Quantum Theory of Dilaton Gravity in 1+1 Dimensions

TL;DR

This paper develops a quantum theory for 1+1 dimensional dilaton gravity, analyzing the measure, gauge fixing, and state conditions, with implications for black hole singularities and evaporation.

Contribution

It provides an explicit evaluation of the functional measures and fixes diffeomorphism invariance in 1+1D dilaton gravity using conformal gauge techniques.

Findings

The physical state conditions reduce to Wheeler-DeWitt equations at large dilaton values.

A singularity appears at a specific dilaton value related to matter fields.

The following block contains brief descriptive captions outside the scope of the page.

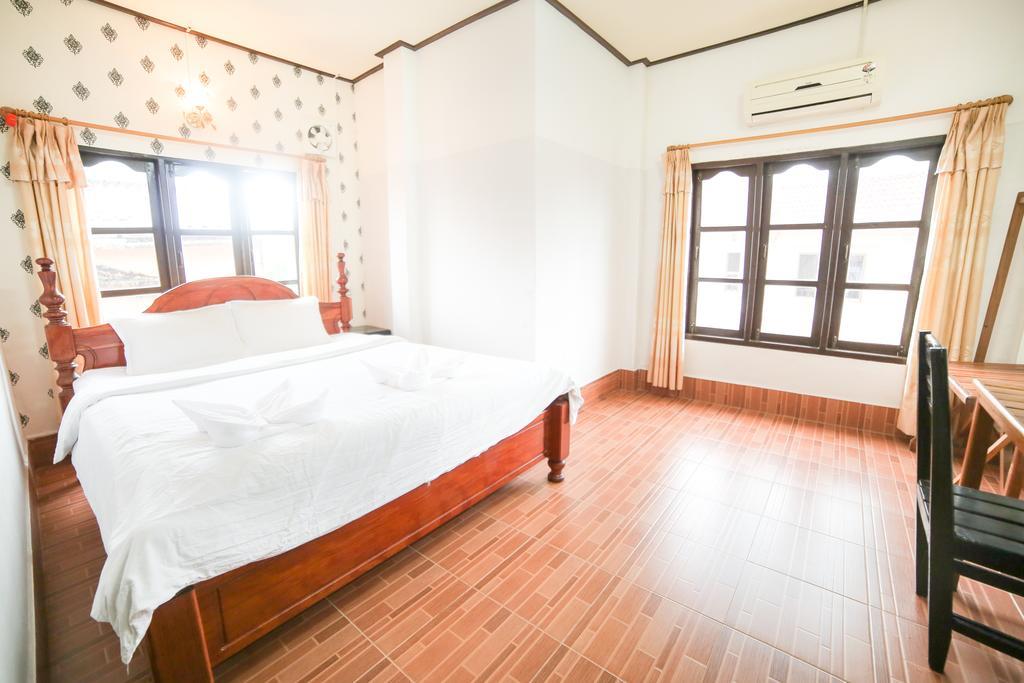 Maylay Guesthouse Vang Vieng Zewnętrze zdjęcie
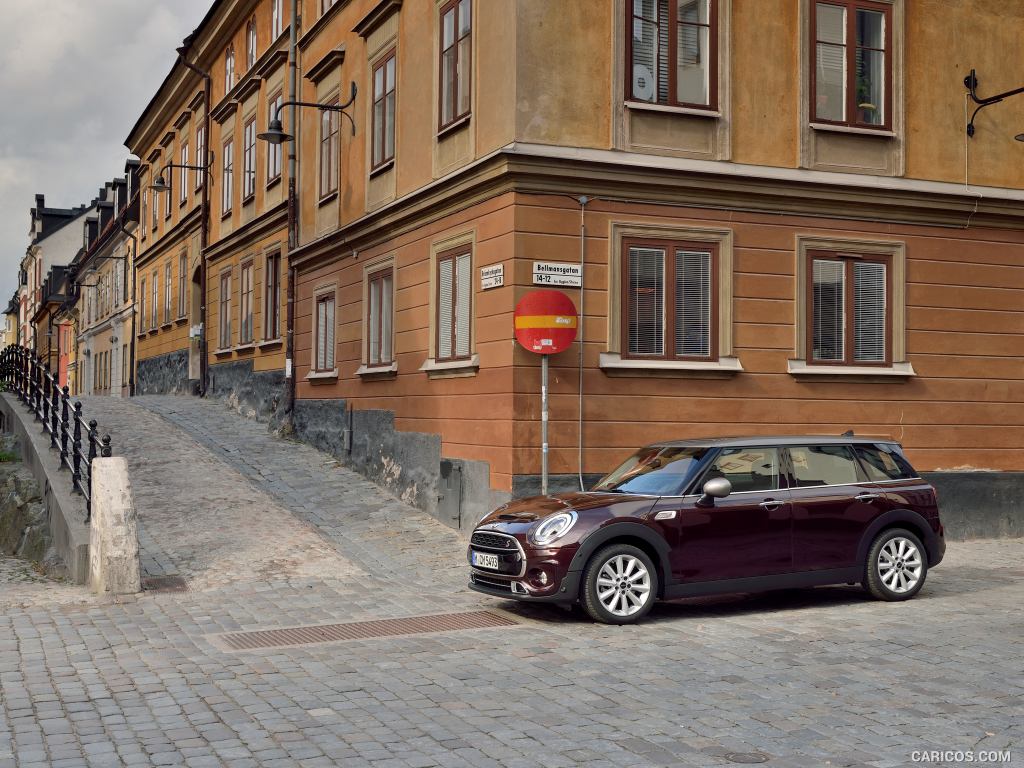 2016 MINI Cooper S Clubman in Metallic Pure Burgundy - Side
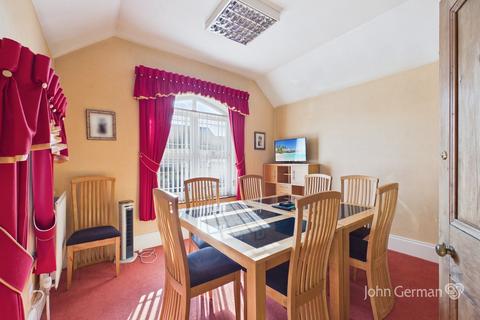 3 bedroom detached house for sale, Branston Road, Burton-on-Trent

The final black hole evaporation stage involves Liouville dynamics from the metric measure.

Abstract

We discuss the quantum theory of 1+1 dimensional dilaton gravity, which is an interesting model with analogous features to the spherically symmetric gravitational systems in 3+1 dimensions. The functional measures over the metrics and the dilaton field are explicitly evaluated and the diffeomorphism invariance is completely fixed in conformal gauge by using the technique developed in the two dimensional quantum gravity. We argue the relations to the ADM formalism. The physical state conditions reduce to the usual Wheeler-DeWitt equations when the dilaton $\df^2 ~ (=\e^{-2\phi}) $ is large enough compared with $\kappa =(N-51/2)/12$, where $N $ is the number of matter fields. This corresponds to the large mass limit in the black hole geometry. A singularity appears at $\df^2 =\kappa (>0) $. The final stage of the black hole evaporation corresponds to the region $\df^2 \sim \kappa $, where the Liouville term becomes important, which just comes from the measure of the metrics. If $\kappa < 0 $, the singularity disappears.